LncRNA SENCR suppresses abdominal aortic aneurysm formation by inhibiting smooth muscle cells apoptosis and extracellular matrix degradation

Zhou  Cai; Jianhua  Huang; Junxiao  Yang; Baihong  Pan; Wei  Wang; Yangyang  Ou; Xianwei  Wang; Pu Yang

doi:10.17305/bjbms.2020.4994

Authors

Zhou Cai Department of General Surgery, Xiangya Hospital Central South University, Changsha, China
Jianhua Huang Department of General Surgery, Xiangya Hospital Central South University, Changsha, China
Junxiao Yang Department of Orthopedics, Xiangya Hospital Central South University, Changsha, China
Baihong Pan Department of General Surgery, Xiangya Hospital Central South University, Changsha, China
Wei Wang Department of General Surgery, Xiangya Hospital Central South University, Changsha, China
Yangyang Ou Department of General Surgery, Xiangya Hospital Central South University, Changsha, China
Xianwei Wang Department of General Surgery, Xiangya Hospital Central South University, Changsha, China
Pu Yang Department of General Surgery, Xiangya Hospital Central South University, Changsha, China https://orcid.org/0000-0001-6459-2373

DOI:

https://doi.org/10.17305/bjbms.2020.4994

Keywords:

Abdominal aortic aneurysm, lncRNA SENCR, vascular smooth muscle cells, cell apoptosis, extracellular matrix degradation

Abstract

Abdominal aortic aneurysm (AAA) is a progressive chronic dilatation of the abdominal aorta without effective medical treatment.
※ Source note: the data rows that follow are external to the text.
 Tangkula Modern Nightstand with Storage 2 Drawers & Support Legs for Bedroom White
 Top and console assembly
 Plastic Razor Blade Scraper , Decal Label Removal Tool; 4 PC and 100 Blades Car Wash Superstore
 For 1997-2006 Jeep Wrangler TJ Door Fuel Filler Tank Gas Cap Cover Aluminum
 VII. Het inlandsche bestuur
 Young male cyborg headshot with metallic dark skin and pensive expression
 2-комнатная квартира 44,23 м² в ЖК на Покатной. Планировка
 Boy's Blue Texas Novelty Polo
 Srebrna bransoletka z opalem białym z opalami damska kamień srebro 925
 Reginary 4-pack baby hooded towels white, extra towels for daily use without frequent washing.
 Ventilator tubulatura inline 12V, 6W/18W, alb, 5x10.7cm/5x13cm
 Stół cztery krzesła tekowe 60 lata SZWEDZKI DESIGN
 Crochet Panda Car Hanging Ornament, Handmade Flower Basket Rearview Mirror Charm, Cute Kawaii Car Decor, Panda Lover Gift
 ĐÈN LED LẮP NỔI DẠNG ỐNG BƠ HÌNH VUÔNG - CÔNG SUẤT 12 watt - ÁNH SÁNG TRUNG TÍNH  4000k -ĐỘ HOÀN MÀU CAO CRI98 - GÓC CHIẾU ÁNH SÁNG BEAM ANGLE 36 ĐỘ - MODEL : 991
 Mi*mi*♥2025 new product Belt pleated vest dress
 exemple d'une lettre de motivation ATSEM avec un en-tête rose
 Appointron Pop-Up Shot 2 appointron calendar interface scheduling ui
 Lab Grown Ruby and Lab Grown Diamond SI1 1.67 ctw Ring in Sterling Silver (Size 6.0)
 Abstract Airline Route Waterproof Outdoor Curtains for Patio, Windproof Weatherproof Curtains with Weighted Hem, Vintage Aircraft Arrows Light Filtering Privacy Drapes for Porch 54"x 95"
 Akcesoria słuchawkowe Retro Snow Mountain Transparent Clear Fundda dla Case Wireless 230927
This study aims to clarify the potential of long non-coding RNA SENCR as a treatment target in AAA. Angiotensin II (Ang-II) was used to establish AAA model in vitro and in vivo. Reverse transcription quantitative PCR and western blot were performed to measure the expression of SENCR and proteins, respectively. Annexin V-FITC/PI double staining was carried out to detect the apoptotic rate in vascular smooth muscle cells (VSMCs), and cell apoptosis in aortic tissues was determined by TUNEL staining. Besides, hematoxylin and eosin and Elastica van Gieson staining were performed for histological analysis of aortic tissues. SENCR was downregulated in AAA tissues and Ang-II-stimulated VSMCs. Overexpression of SENCR could inhibit Ang-II-induced VSMC apoptosis, while inhibition of SENCR facilitated Ang-II-induced VSMC apoptosis. Moreover, the expression of matrix metalloproteinase (MMP)-2 and MMP-9 in Ang-II-induced VSMCs was reduced following SENCR overexpression, while tissue inhibitor of metalloproteinases 1 (TIMP-1) expression was increased. In vivo, overexpression of SENCR improved the pathological change in aortic tissues and the damage in arterial wall elastic fibers induced by Ang-II, as well as suppressed Ang-II-induced cell apoptosis and extracellular matrix degradation. Overall, SENCR was decreased in AAA. Overexpression of SENCR inhibited AAA formation via inhibition of VSMC apoptosis and extracellular matrix degradation. We provided a reliable evidence for SENCR acting as a potential target for AAA treatment.